- [PROBLEM]: Every line of the material below, from the top through the line with "METOD, ντουλάπι βάσης", should be reproduced exactly.

- [RECORD SET]:

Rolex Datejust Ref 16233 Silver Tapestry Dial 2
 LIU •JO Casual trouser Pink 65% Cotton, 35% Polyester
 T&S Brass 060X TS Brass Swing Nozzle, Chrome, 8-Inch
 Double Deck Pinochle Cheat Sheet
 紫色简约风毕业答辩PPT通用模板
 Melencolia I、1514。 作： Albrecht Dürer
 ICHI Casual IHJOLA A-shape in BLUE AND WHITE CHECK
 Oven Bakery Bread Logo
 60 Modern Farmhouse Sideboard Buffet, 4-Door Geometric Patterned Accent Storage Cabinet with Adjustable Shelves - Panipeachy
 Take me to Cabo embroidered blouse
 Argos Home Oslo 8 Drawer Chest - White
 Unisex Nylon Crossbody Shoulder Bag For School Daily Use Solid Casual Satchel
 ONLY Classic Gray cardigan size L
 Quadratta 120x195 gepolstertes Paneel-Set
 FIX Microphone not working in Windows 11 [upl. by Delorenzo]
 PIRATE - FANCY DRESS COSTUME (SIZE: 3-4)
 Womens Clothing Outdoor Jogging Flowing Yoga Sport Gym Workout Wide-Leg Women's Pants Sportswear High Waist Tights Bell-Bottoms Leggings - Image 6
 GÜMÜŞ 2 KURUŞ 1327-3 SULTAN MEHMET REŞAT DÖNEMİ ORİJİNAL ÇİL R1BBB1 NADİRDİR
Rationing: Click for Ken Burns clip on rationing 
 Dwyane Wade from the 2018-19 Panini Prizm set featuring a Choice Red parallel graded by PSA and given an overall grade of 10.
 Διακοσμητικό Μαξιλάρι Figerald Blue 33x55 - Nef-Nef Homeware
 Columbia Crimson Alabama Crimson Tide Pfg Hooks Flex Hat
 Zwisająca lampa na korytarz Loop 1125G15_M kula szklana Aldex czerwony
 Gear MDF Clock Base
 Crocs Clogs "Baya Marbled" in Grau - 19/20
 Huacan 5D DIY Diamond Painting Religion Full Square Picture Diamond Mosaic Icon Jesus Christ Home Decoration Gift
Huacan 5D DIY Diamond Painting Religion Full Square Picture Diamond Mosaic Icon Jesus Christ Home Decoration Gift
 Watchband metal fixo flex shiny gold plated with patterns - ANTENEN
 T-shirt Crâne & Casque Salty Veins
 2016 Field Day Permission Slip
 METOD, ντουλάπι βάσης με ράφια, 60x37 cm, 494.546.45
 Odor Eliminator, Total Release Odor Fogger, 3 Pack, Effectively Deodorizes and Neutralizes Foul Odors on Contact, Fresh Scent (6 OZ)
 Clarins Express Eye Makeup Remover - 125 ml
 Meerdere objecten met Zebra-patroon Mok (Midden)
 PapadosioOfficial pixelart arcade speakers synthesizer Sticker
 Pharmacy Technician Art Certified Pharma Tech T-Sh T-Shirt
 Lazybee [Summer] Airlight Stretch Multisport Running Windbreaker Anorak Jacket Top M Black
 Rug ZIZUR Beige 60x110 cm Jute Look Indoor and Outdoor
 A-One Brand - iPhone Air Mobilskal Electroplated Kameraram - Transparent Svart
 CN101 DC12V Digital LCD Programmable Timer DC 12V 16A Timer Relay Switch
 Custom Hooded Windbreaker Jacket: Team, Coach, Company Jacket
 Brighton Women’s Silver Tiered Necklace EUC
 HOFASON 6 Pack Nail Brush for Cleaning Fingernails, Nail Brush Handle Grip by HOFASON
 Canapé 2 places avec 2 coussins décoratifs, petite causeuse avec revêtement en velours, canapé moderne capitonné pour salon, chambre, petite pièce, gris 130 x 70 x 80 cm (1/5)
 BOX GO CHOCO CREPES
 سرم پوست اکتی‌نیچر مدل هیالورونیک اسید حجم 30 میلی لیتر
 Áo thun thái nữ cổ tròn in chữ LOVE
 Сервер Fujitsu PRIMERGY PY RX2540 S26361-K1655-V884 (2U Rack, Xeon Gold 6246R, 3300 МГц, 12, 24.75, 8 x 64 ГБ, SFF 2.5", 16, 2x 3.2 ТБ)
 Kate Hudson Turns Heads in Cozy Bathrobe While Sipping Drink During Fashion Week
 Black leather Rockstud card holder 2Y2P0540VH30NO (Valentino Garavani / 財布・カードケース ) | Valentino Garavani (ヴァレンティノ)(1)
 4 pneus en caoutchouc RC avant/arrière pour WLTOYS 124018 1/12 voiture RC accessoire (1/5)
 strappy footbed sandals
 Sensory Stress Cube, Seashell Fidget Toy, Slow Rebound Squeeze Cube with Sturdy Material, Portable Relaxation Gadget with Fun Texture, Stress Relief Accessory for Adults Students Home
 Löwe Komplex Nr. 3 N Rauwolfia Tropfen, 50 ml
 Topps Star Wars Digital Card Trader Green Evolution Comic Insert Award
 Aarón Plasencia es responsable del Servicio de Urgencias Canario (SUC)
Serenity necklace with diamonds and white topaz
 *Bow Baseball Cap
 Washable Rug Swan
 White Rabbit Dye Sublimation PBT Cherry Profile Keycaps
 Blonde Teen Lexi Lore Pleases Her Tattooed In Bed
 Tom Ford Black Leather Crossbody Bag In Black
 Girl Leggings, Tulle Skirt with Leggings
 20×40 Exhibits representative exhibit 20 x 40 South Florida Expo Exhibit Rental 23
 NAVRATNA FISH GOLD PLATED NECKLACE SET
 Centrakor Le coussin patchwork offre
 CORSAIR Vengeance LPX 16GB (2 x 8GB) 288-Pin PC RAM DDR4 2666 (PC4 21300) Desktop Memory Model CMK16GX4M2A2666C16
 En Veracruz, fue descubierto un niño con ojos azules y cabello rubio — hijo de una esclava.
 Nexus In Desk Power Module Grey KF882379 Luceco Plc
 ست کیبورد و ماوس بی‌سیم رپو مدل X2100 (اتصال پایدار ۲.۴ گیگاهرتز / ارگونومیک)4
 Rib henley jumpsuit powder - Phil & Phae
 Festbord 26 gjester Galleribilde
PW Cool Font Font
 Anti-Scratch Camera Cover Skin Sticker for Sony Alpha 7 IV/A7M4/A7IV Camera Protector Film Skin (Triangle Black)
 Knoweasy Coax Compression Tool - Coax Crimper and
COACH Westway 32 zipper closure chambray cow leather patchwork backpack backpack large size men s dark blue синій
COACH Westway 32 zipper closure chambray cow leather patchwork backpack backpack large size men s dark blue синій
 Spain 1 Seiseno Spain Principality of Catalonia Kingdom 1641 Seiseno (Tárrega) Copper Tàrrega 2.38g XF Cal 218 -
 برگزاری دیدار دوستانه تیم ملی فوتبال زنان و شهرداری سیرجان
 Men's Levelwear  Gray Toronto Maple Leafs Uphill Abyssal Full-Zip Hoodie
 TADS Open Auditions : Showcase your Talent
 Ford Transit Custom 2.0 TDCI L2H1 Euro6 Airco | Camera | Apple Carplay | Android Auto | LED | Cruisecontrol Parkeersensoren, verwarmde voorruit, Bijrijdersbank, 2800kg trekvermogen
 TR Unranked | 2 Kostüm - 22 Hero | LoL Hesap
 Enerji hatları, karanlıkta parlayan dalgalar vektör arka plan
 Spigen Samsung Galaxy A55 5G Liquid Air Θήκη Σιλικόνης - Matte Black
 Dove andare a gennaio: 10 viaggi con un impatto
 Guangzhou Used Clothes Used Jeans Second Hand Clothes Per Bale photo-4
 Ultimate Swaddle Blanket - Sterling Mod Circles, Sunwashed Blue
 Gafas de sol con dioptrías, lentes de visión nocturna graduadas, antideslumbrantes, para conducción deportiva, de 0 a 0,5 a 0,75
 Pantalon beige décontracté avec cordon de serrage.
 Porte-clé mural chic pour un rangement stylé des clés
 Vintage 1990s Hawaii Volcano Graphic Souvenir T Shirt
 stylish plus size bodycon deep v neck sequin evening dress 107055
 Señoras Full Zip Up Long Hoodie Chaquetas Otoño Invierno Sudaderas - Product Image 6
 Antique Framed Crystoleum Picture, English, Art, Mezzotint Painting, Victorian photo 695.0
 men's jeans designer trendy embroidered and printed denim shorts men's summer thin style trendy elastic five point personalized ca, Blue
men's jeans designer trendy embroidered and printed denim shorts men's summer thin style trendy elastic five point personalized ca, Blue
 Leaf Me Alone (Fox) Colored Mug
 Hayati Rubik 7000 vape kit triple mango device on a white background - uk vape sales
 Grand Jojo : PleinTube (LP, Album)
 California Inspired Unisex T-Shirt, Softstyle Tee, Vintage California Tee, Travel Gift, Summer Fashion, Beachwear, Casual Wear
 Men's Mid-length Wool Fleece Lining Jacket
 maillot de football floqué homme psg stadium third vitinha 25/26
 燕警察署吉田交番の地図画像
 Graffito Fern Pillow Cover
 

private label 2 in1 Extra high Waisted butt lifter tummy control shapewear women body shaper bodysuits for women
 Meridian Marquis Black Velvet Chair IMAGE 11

- [OUTPUT FOR THIS EXERCISE]:
Rolex Datejust Ref 16233 Silver Tapestry Dial 2
 LIU •JO Casual trouser Pink 65% Cotton, 35% Polyester
 T&S Brass 060X TS Brass Swing Nozzle, Chrome, 8-Inch
 Double Deck Pinochle Cheat Sheet
 紫色简约风毕业答辩PPT通用模板
 Melencolia I、1514。 作： Albrecht Dürer
 ICHI Casual IHJOLA A-shape in BLUE AND WHITE CHECK
 Oven Bakery Bread Logo
 60 Modern Farmhouse Sideboard Buffet, 4-Door Geometric Patterned Accent Storage Cabinet with Adjustable Shelves - Panipeachy
 Take me to Cabo embroidered blouse
 Argos Home Oslo 8 Drawer Chest - White
 Unisex Nylon Crossbody Shoulder Bag For School Daily Use Solid Casual Satchel
 ONLY Classic Gray cardigan size L
 Quadratta 120x195 gepolstertes Paneel-Set
 FIX Microphone not working in Windows 11 [upl. by Delorenzo]
 PIRATE - FANCY DRESS COSTUME (SIZE: 3-4)
 Womens Clothing Outdoor Jogging Flowing Yoga Sport Gym Workout Wide-Leg Women's Pants Sportswear High Waist Tights Bell-Bottoms Leggings - Image 6
 GÜMÜŞ 2 KURUŞ 1327-3 SULTAN MEHMET REŞAT DÖNEMİ ORİJİNAL ÇİL R1BBB1 NADİRDİR
Rationing: Click for Ken Burns clip on rationing 
 Dwyane Wade from the 2018-19 Panini Prizm set featuring a Choice Red parallel graded by PSA and given an overall grade of 10.
 Διακοσμητικό Μαξιλάρι Figerald Blue 33x55 - Nef-Nef Homeware
 Columbia Crimson Alabama Crimson Tide Pfg Hooks Flex Hat
 Zwisająca lampa na korytarz Loop 1125G15_M kula szklana Aldex czerwony
 Gear MDF Clock Base
 Crocs Clogs "Baya Marbled" in Grau - 19/20
 Huacan 5D DIY Diamond Painting Religion Full Square Picture Diamond Mosaic Icon Jesus Christ Home Decoration Gift
Huacan 5D DIY Diamond Painting Religion Full Square Picture Diamond Mosaic Icon Jesus Christ Home Decoration Gift
 Watchband metal fixo flex shiny gold plated with patterns - ANTENEN
 T-shirt Crâne & Casque Salty Veins
 2016 Field Day Permission Slip
 METOD, ντουλάπι βάσης με ράφια, 60x37 cm, 494.546.45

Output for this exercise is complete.